While foreign investment has fallen dramatically in the past year, China remains a popular manufacturing base for foreign firms amid the global economic downturn. Anil K. Gupta and Haiyan Wang, authors of the new book Getting China and India Right, wrote in Businessweek in June that the role of higher domestic productivity as a driver of China's economic growth is growing and the future lays in R&D-related work. They note China’s 11th five-year plan calls for the country to build a competitive advantage based on science, technology, and innovation. Some of the key initiatives in this new thrust include an increase in the R&D-to-GDP ratio from about 1.3% in 2005 to 2.5% by 2020.

Foreign direct investment (FDI) in Shanghai tumbled 37.4 percent in May from a year earlier - compared to the fall of 18.3 percent in April - as a result of the global financial crisis. Starting from August 1, district governments in the city will be able to approve FDI projects of up to US$100 million, compared with US$30 million now. The city also plans to ease rules on the approval of special foreign-investment projects, such as mergers and acquisitions, by the end of this year.

AmCham polled 108 foreign-invested manufacturers in China in the fall of last year for the survey, and did an updated poll of 79 companies in late December. Only 10 percent of respondents last year said they had concrete plans to relocate or expand manufacturing capacity out of China in the next five years, compared with 17 percent in 2007, despite countries such as India and Vietnam offering low-cost alternatives.

Telecoms Reform in the Works
China's telecommunications market is on track to generate US$187 billion by 2014, fueled by mobile uptake in its rural areas and 3G, according to Pyramid Research. In June, China's top economic planning body called for telecoms and other government monopolies to be opened up to private investment. In guidelines for industry reform, the National Development and Reform Commission (NDRC) said it hoped to encourage private investment into telecoms, oil, power, rail and other monopoly areas to boost economic growth. The NDRC said it "was hopeful" that the introduction of measures to encourage private investment to enter telecoms would be accelerated. It said it expected "realistic progress" from the convergence of telecoms, internet and cable.
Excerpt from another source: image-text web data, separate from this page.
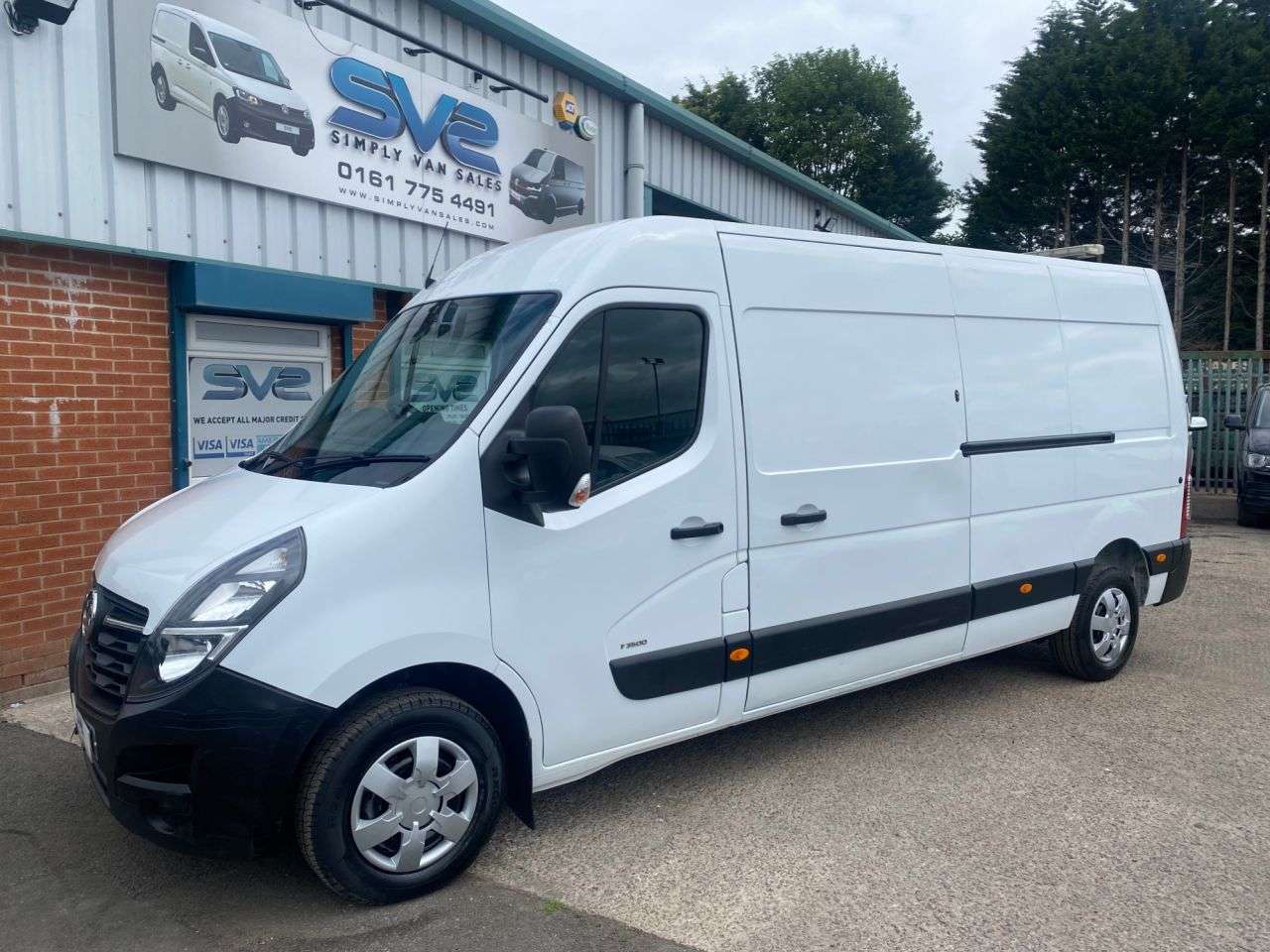 A 2021 VAUXHALL MOVANO 2.3 CDTI 3500 L3 H2 LWB MED ROOF EURO 6 *AIRCON* 94K A 2021 VAUXHALL MOVANO 2.3 CDTI 3500 L3 H2 LWB MED ROOF EURO 6 *AIRCON* 94K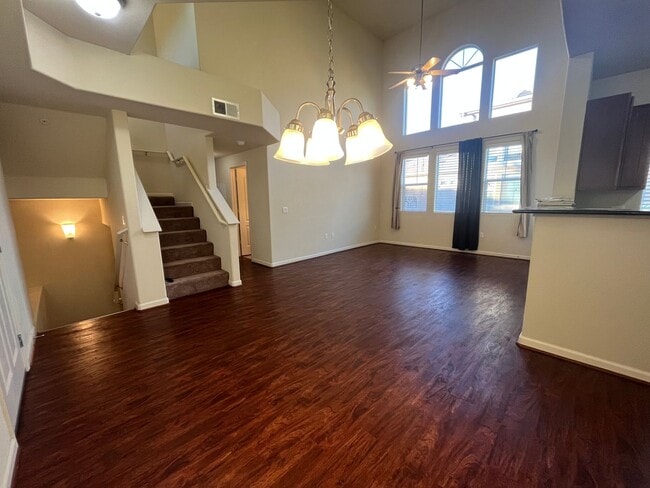 Primary Photo - Spacious 2 bed 2 bath condo available in N...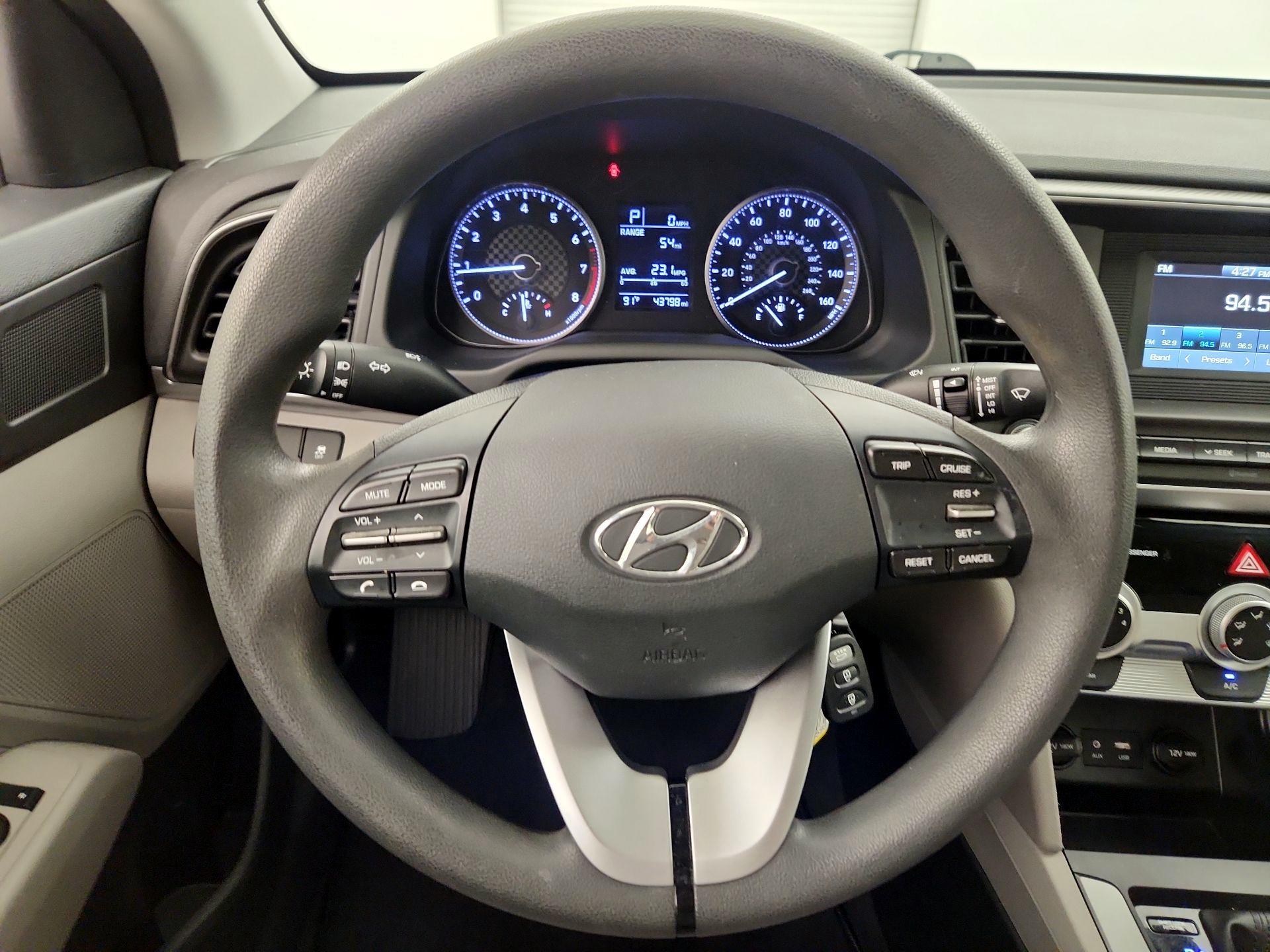 Thumbnail: 2019 Hyundai Elantra - 10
Pyramid estimates the Chinese market will surpass Japan by 2014, growing at a compound annual growth rate (CAGR) of 8.8 percent between this year and then. Daniel Yu, Pyramid Research analyst is quoted in Businessweek as saying, "China, like many emerging markets, is becoming an increasingly mobile market, adding 71.2 million mobile subscriptions in 2008, roughly 12 percent of all additions worldwide and second only to India's 113.3 million net additions."

The Chinese government will spend 20 billion yuan (US$2.93 billion) this year on technological innovation in a range of sectors. The spending program calls for technological upgrade in the development of integrated circuits, next-generation Internet and the home-grown TD-SCDMA 3G technology.

A Technology Partner
China is tied with Germany as the world’s top exporter. Gupta and Wang say some of the early evidence regarding a move up the value chain in China's exports is already in. Its exports to India heavily comprise capital goods such as power plants and other infrastructure equipment, where much of the value in the products is added within China.

China's outsourcing industry is making use of the global slowdown to branch into new markets as corporations shift to outsourcing to cut costs, said a recent report from KPMG, a global consultancy firm. While the potential benefits of China as an outsourcing center are many — technical skills, language skills, depth of talent and pricing to name but a few — it is the increasing professionalism of the industry which is impressing many, concludes the report entitled A New Dawn: China's Emerging Role in Global Outsourcing.

Concerns over intellectual property, English skills and offshore capability remain for many western companies, but industry experts say outsourcing companies in China have made some improvements in all of these areas. “There were incidents in the manufacturing industry that give bad names to China, but for outsourcing, where service reputation is a critical business asset, this concern, though common, have been well addressed,” argues Hayden Hong, CEO of Long Circle, a Shanghai-based firm provides IT outsourcing services including GPS, mobile, VoIP, wireless, video surveillance, .NET and communication products to high-tech clients from around the world, including Motorola and China Telecom.

AmCham advises that investors should develop new business models for the domestic market and tailor existing products to meet local preferences and conditions. "Manufacturing among foreign-invested companies continues to evolve steadily, with more companies implementing sophisticated production operations and technologies while also integrating their China operations into their global supply chains," the survey said.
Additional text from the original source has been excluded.